Family of AWOL Plane's Pilot in 'Anguish'

W A S H I N G T O N, June 19, 2003 -- The family of a man believed to have been piloting a Boeing 727 that mysteriously took off and disappeared from an Angolan runway last month today told of their anguish as international authorities fear the jetliner could be used for a terrorist act.

In a baffling aviation vanishing act, workers at Luanda Airport in Angola watched dumbfounded on May 25 as the Boeing 727 taxied down the runway and took off — without permission. The plane — which ABCNEWS has learned was refitted to haul diesel fuel tanks, making it a potential flying bomb — has not been seen since.

The man the U.S. government suspects of piloting the 727 is Benjamin Padilla — a U.S. citizen from Florida. Padilla, too, has vanished, and his family is worried.

"I am concerned that he might have been hijacked," Padilla's brother, Joseph, said in an exclusive interview with ABCNEWS.

"It's very painful," said Padilla's sister, Benita Kirkland Padilla. "The whole family is in anguish, not knowing what happened to our brother."

The last time the family heard from Padilla was on May 14, when Benita received an e-mail from her brother informing her that he was on his way to Africa and would get in touch with his ailing mother as soon as he returned home.

But more than a month since their last communication, Padilla has not yet returned home. And with international authorities concerned that the missing jetliner could be used for terrorist purposes, the family maintains that he would never be involved in such a plan.

"Personally, I do not believe he has done anything criminal or terrorist-related," Benita told ABCNEWS' Good Morning America today.

U.S. Officials Stumped

The family believes Padilla, a licensed mechanic and pilot, flew to Angola on behalf of Aerospace Sales and Leasing, a Florida-based company that bought the 727 from American Airlines two years ago. The plane had not been moved for more than a year, and his family believes Padilla went to see whether it was fit to fly.

Neither Padilla's family nor ABCNEWS has been able to reach anyone at Aerospace Sales and Leasing. No one was at the office when ABCNEWS visited Wednesday and phone calls were not answered.

Despite the use of satellites to scour the African landscape, and a request to all African embassies for information, U.S. officials said they still have no clue about the plane's location.

"We don't have any reliable assessments about what this portends, what it could be, who may be behind it," said White House spokesman Ari Fleischer.

Joseph fears that his brother may have lost control of the plane's hydraulics after taking off and is concerned for his safety.

"If the plane has gone into the water, satellites can't make it out," he told Good Morning America today.
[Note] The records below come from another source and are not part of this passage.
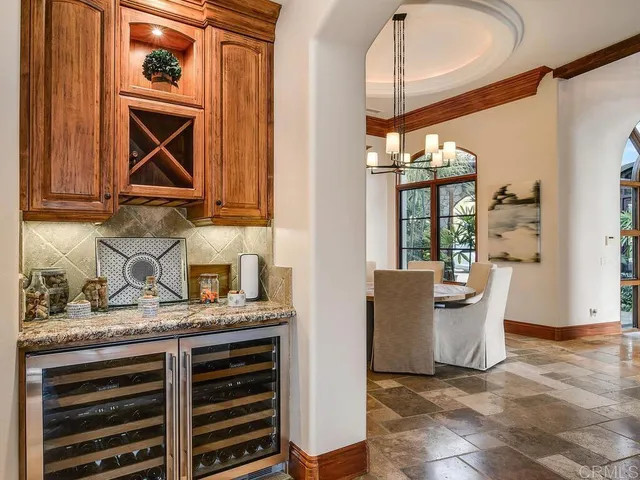 a bedroom with a bed a fireplace and a large window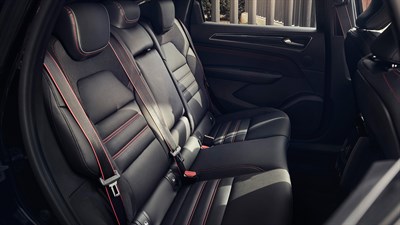 one man and one woman sitting in the backseats of the renault arkana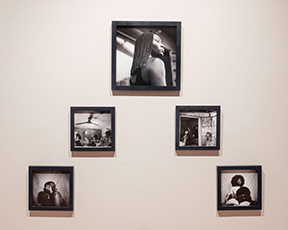 installation of five photographs on wall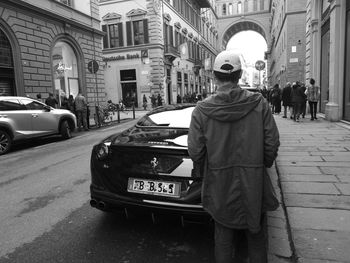 Rear view of man standing on street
Most intelligence officials believe the plane was stolen to run drugs or guns, or as part of an insurance scam.

However, they have not ruled out the possibility the plane is in the hands of terrorists — perhaps plotting to target U.S. embassies in Africa.

But Benita said she was sure her brother, whom she described as a man with "a sort of nomadic nature," would never voluntarily get involved in any plot against his country's interests. "He was a patriot, he loved his country, he loved to fly," she said.